Showing 9 changed files with 76 additions and 76 deletions.
diff --git a/components/segmenter/src/line.rs b/components/segmenter/src/line.rs
@@ -11,6 +11,7 @@ use alloc::vec::Vec;
 use core::char;
 use core::str::CharIndices;
 use icu_locale_core::subtags::language;
+use icu_locale_core::LanguageIdentifier;
 use icu_provider::prelude::*;
 use utf8_iter::Utf8CharIndices;
 
@@ -184,8 +185,8 @@ pub enum LineBreakWordOption {
 
 /// Options to tailor line-breaking behavior.
 #[non_exhaustive]
-#[derive(Clone, PartialEq, Eq, Debug)]
-pub struct LineBreakOptions {
+#[derive(Copy, Clone, PartialEq, Eq, Debug)]
+pub struct LineBreakOptions<'a> {
     /// Strictness of line-breaking rules.
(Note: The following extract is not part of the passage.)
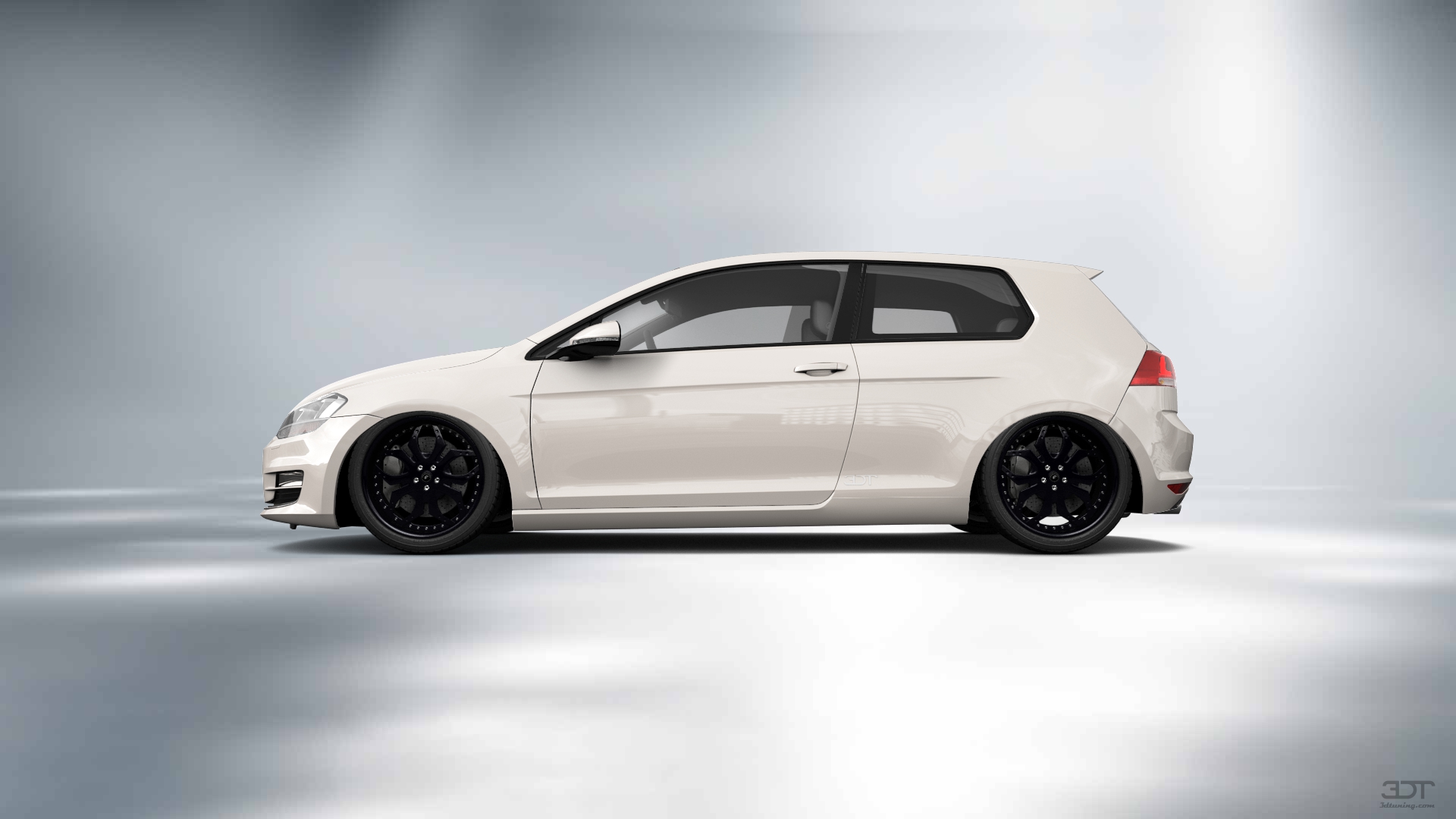 Volkswagen Golf 7 3 Door Hatchback 2013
See [`LineBreakStrictness`].
     pub strictness: LineBreakStrictness,
 
@@ -198,10 +199,10 @@ pub struct LineBreakOptions {
     /// `Normal` or `Loose`. See
     /// <https://drafts.csswg.org/css-text-3/#line-break-property> for details.
     /// This option has no effect in Latin-1 mode.
-    pub content_locale: Option<DataLocale>,
+    pub content_locale: Option<&'a LanguageIdentifier>,
 }
 
-impl Default for LineBreakOptions {
+impl Default for LineBreakOptions<'_> {
     fn default() -> Self {
         Self {
             strictness: LineBreakStrictness::Strict,
@@ -211,6 +212,28 @@ impl Default for LineBreakOptions {
     }
 }
 
+#[derive(Debug)]
+struct ResolvedLineBreakOptions {
+    strictness: LineBreakStrictness,
+    word_option: LineBreakWordOption,
+    ja_zh: bool,
+}
+
+impl From<LineBreakOptions<'_>> for ResolvedLineBreakOptions {
+    fn from(options: LineBreakOptions<'_>) -> Self {
+        let ja_zh = if let Some(content_locale) = options.content_locale.as_ref() {
+            content_locale.language == language!("ja") || content_locale.language == language!("zh")
+        } else {
+            false
+        };
+        Self {
+            strictness: options.strictness,
+            word_option: options.word_option,
+            ja_zh,
+        }
+    }
+}
+
 /// Line break iterator for an `str` (a UTF-8 string).
 ///
 /// For examples of use, see [`LineSegmenter`].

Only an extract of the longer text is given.